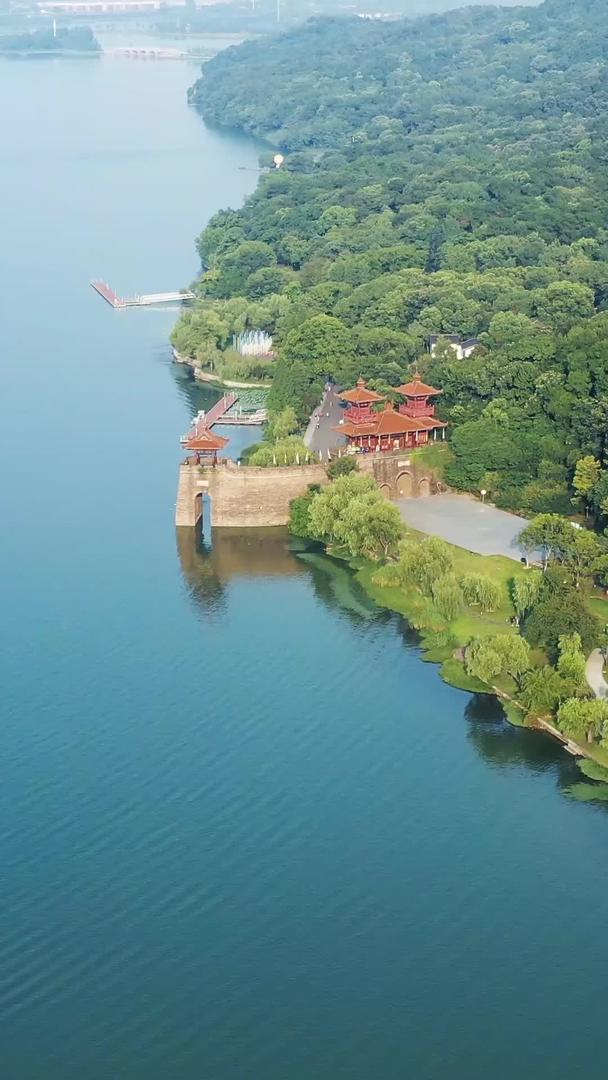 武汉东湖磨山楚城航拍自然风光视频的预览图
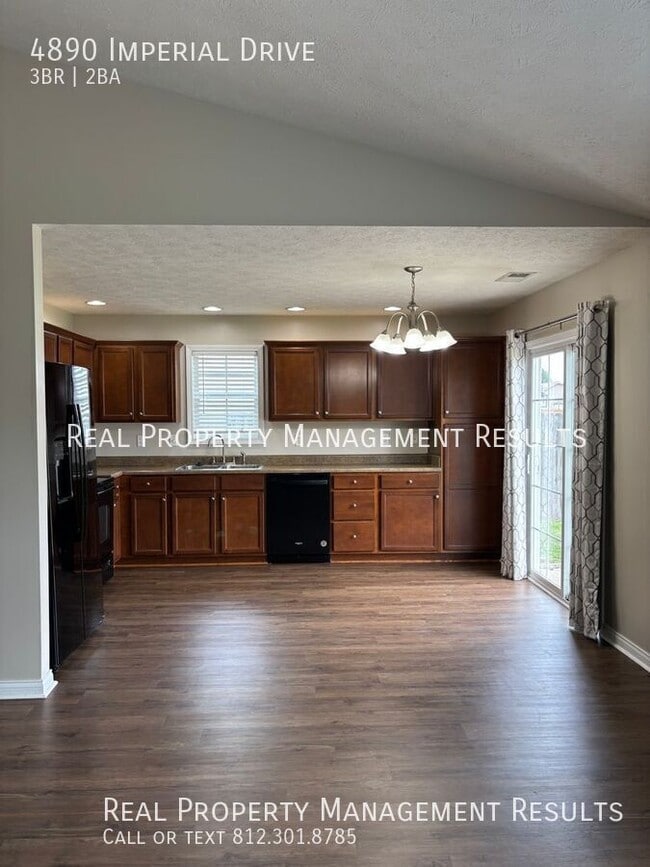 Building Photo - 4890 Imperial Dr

---

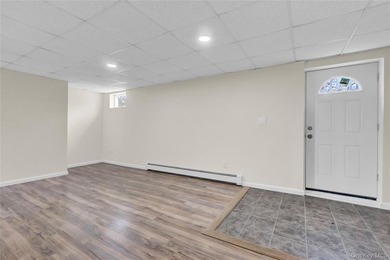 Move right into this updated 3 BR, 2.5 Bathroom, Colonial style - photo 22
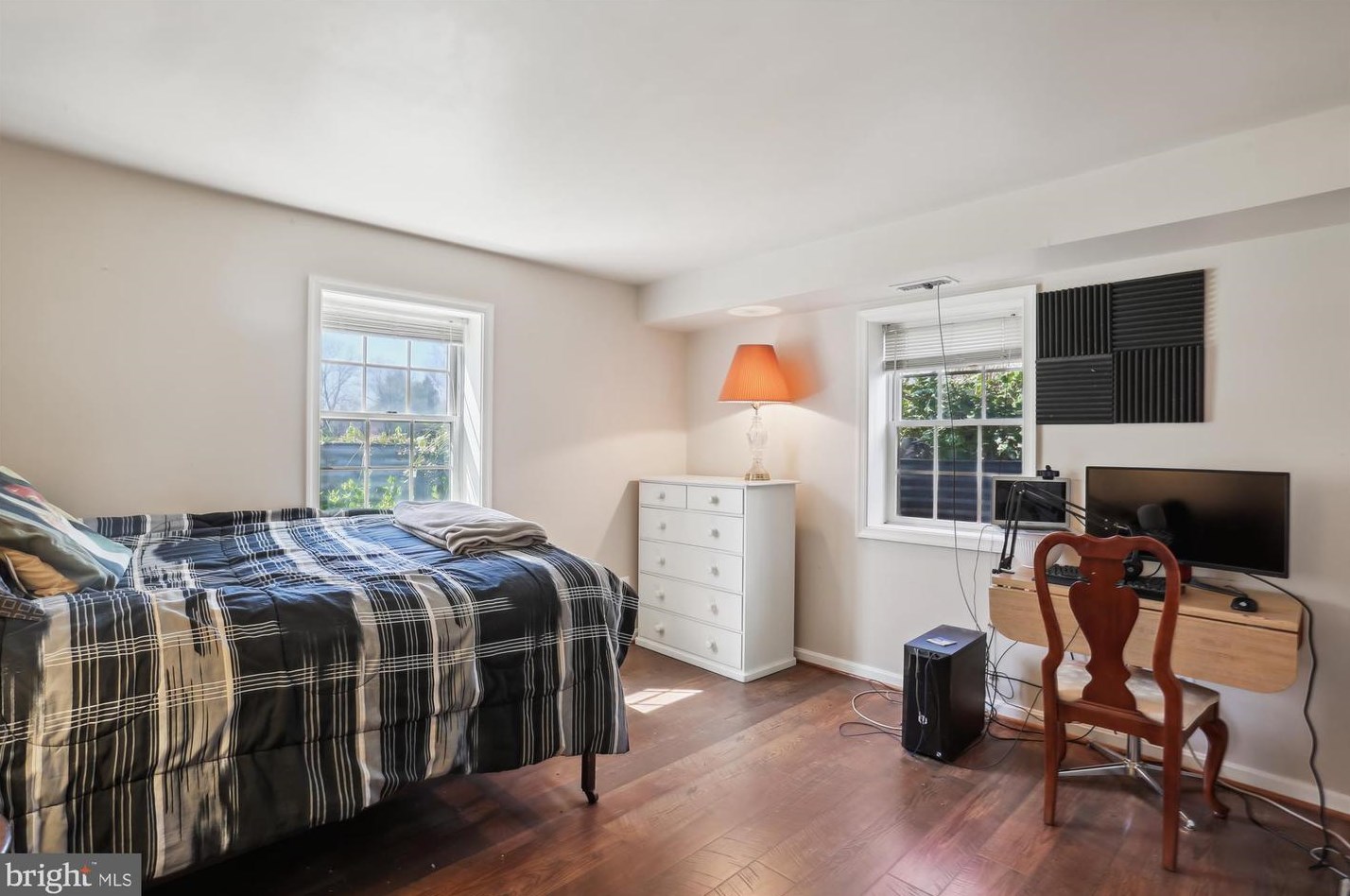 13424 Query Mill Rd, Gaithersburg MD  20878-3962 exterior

Task description — Pictures do not belong in the answer. Return the lines above starting at the one with "武汉东湖磨山楚城航拍自然风光视频的预览图" and ending at the one with "Building Photo - 4890 Imperial Dr", both kept, exactly.

Exercise answer —
 武汉东湖磨山楚城航拍自然风光视频的预览图
 Building Photo - 4890 Imperial Dr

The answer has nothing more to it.